私の人生において、かけがえのない作品の一つだ。

 

私がアニメを見るようになった原点はCLANNADなのだけれど、人生の方針やモノの考え方という部分に大きな影響を与えたのが、「凪あす」だ。
とりわけ思春期以降に陥りがちな、半ば哲学的な思考の迷宮において、私に一つの解を与えてくれた作品でもある。

まぁこの記事で作品の考察を語る気はないし、長々とした感想も放送当時にTwitterで無限に垂れ流したから、わざわざここに書き起こすつもりもない。難しい話は置いておいて、ここで記しておきたいのは、あらためて見てみてやっぱり素晴らしい作品だと思った、ということ。

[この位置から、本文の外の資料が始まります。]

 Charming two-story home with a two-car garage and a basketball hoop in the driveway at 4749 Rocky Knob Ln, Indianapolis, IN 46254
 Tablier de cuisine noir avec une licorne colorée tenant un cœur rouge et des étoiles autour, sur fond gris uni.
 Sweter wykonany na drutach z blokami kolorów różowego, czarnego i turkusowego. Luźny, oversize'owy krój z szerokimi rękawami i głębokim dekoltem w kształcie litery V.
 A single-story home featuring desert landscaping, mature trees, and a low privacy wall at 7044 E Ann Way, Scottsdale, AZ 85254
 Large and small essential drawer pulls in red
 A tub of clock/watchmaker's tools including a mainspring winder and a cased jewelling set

放送が終了してからも数年に一度、ニコ生やAbemaで放送されることがあり、特に前者では画面にコメントが流れる昔ながらのノリが好きなので、見られるときには見るようにしていた。
そして毎回思う。やっぱり神アニメだ、と。
伏線の張り方、物語の構成、揺れる感情の表現、目を奪われる映像美、どれをとっても魅力が詰まっている。

本放送時、前半の最終話である13話は、年末に放送された。衝撃的なラストで、続きが気になる展開。しかし一週間後は正月特番のため、二週間待たされたという経緯がある。そこからさらに衝撃的な14話を見せられて、一気に凪あすの世界観に虜になった。
これだよ。この感覚。これが見たいから、私はアニメを見続けるんだ。素直にそう思えるくらい、すっかり魅了されてしまったのだ。

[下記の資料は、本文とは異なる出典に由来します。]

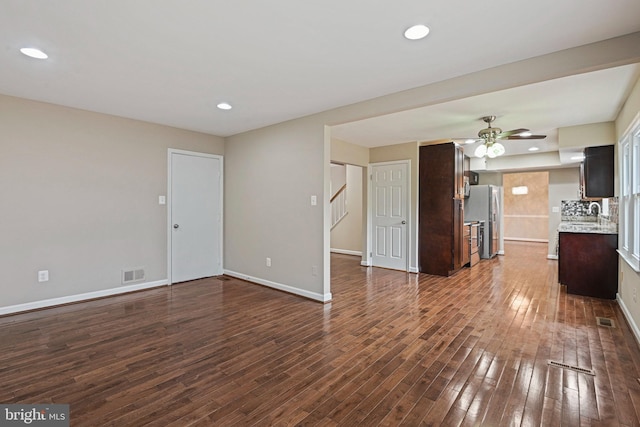 unfurnished living room featuring dark wood finished floors, baseboards, visible vents, and a ceiling fan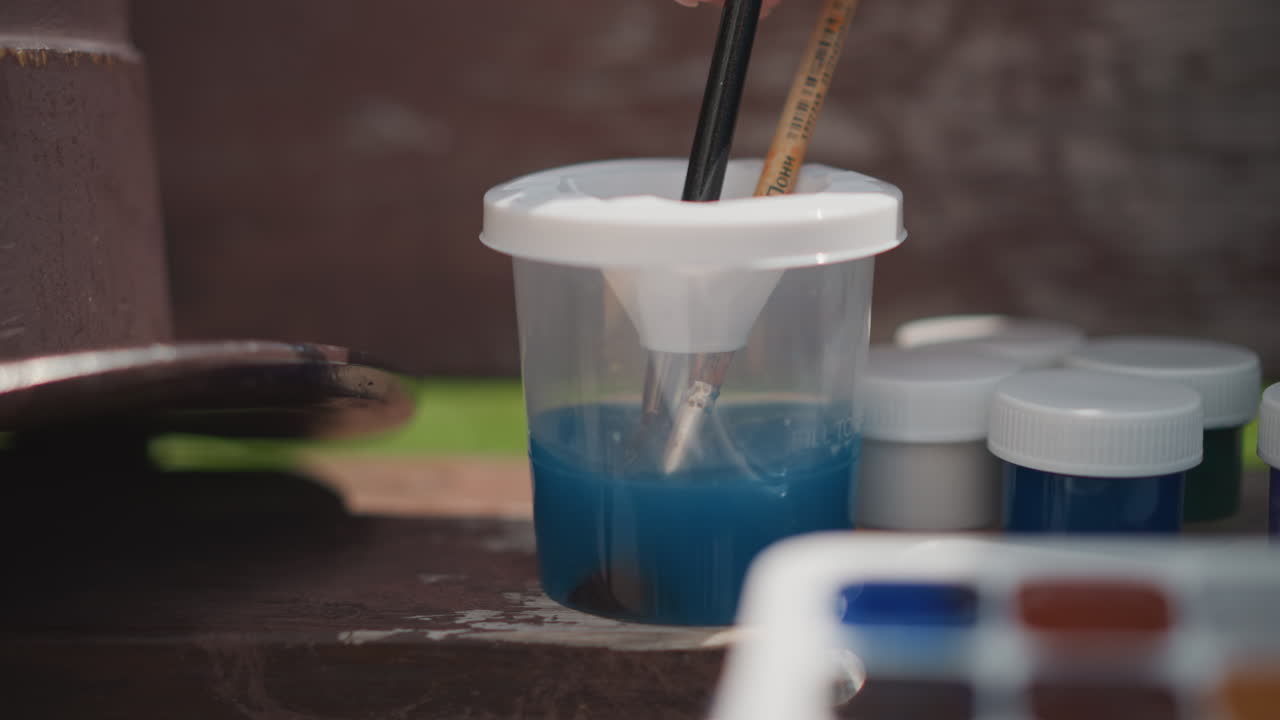 Cat biru dalam cangkir dengan kuas. Pemandangan meja luar ruangan ini menampilkan cangkir pencampur plastik berisi cat air biru tua, dengan kuas-kuas terendam. Toples cat dan palet di dekatnya terlihat buram, diterangi cahaya alami yang lembut dengan kedalaman fokus dangkal.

よく2クール目から本番、なんて評価を受けているのを目にする。それ自体は間違っていなくて、作品の持つ空気感がガラッと変わるので、後半から急にハマる人のほうが圧倒的に多いと思う。上に書いたように、私もそのパターンだった。
しかしこの作品の大事な部分は、前半の1クール目にもたくさんあることに後から気づいた。先の展開や人間関係が頭に入っている二周目以降では、初見時に見逃していた演出にとても驚くことができる。1クール目からこんなに面白かったのかと、より自分の中での評価が上がった記憶がある。
一挙放送の場合は「おあずけ」をくらうことがないから、衝撃という意味では2013-2014を生で体験した視聴者が一番幸せだったかもしれない。けれど、この素晴らしい世界を凝縮して堪能できるという点では、一気に見たほうが破壊力が大きい可能性もある。
どっちにしろ、感情をぐちゃぐちゃにされることができるのだから、見て損はない。

この作品は心から、あらゆるひとに薦めたい。

 

実のところ今回の一挙放送は見るつもりがなかったのだけれど、たまたまニコニコを開いたらちょうど最終セッション前の休憩時間だったため、誘惑に抗えず見ることにした。
何しろ、凪あすの終盤は神回の連続だ。
本来なら、そこまでの20話近い積み重ねがあってこその感動ではあるのだが、私は何周もしていて基本的なストーリーやキャラクターの心情を十分に理解しているので、途中からでも問題なく物語に入り込める。案の定、特定のシーンで感極まってティッシュを濡らすことになった。脱水症状になるんじゃないかと心配になるくらいには。

初見時に受けた感動には及ばないかもしれないが、見ればいまだに大きく感情を動かされ、深い余韻に包まれることができる。
凪あすのように自分の中で「殿堂入り」している作品は、私が以前の感性を失っていないことを再確認できるので、とても貴重だ。

 

ちなみに近年のオリジナルアニメには珍しい全26話構成に加えて、最終話はCMなしで最大限に尺を使っている。スタッフの意気込みが伝わってくるようで、こういう作品には自然と愛が芽生える。いつまでも語りたくなる。
そういう想いを持っている人は少なくないのだろう。検索をかけてみると、とても温かい気持ちになる。

中でも美術監督の東地氏は、たびたびTwitterでその魅力を語ってくれている。凪あす以外にも多数のPA作品において美術監督を担っている方なので、各作品のファンにそれぞれの魅力を発信してくださっていて、PA作品には欠かせない存在だ。
美術ボードなど貴重な作品資料を載せてくれることもあるので、P.A.WORKSのファンとしては、とてもありがたい。